Open amikai opened this issue 5 months ago • 4 comments

go-fitz version: v1.24.15 file:

Code

package main

import (
	"fmt"
	"image/jpeg"
	"os"

	"github.com/gen2brain/go-fitz"
)

func main() {
	doc, err := fitz.New("example.docx")
	if err != nil {
		panic(err)
	}
	defer doc.Close()

	// Extract pages as images
	img, err := doc.Image(0)
	if err != nil {
		panic(err)
	}

	f, err := os.Create("example.jpg")
	if err != nil {
		panic(err)
	}

	err = jpeg.Encode(f, img, &jpeg.Options{jpeg.DefaultQuality})
	if err != nil {
		panic(err)
	}

	f.Close()
}

Stdout output:

warning: dropping unclosed output

The output image will be a blank jpg: example.jpg

Jul 01 '25 00:07 amikai

I misunderstood; I thought go-fitz could extract images from a document. Close it.

Jul 01 '25 00:07 amikai

@amikai Yes, that is precisely what is possible; it's stated in the README. For broken files, you probably need a later version (I recall a changelog mentioning this).

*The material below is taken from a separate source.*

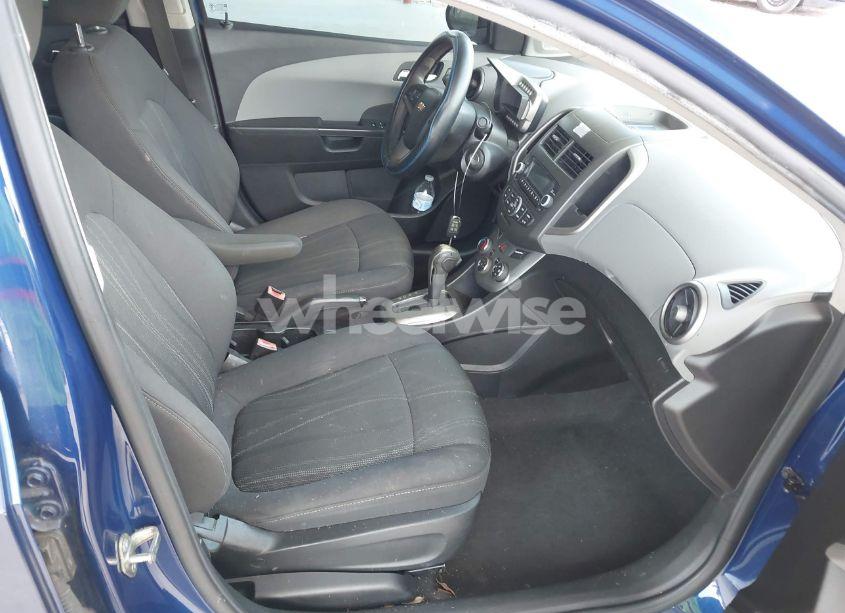 Photo 5 of 2014 Chevrolet Sonic LT AUTO (VIN 1G1JC5SH5E4158757)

Jul 01 '25 03:07 gen2brain

@gen2brain Do you mean I can extract images from .docx, .xlsx, and .pptx files using go-fitz? In my case, I created the file using Microsoft Word on a Mac. I just want to understand why these files are broken.

Jul 01 '25 07:07 amikai

Yes, you do not extract embedded images if that is what you think. It will render the documents, and you can export page by page as an image. I have no idea why or what is broken; this is a wrapper for MuPDF, and I don't know the internals. It may have already been solved, and you can try using an external library (with a newer version). Anyway, the fix will not happen in this repo, I update bundled libraries from time to time.

Jul 01 '25 08:07 gen2brain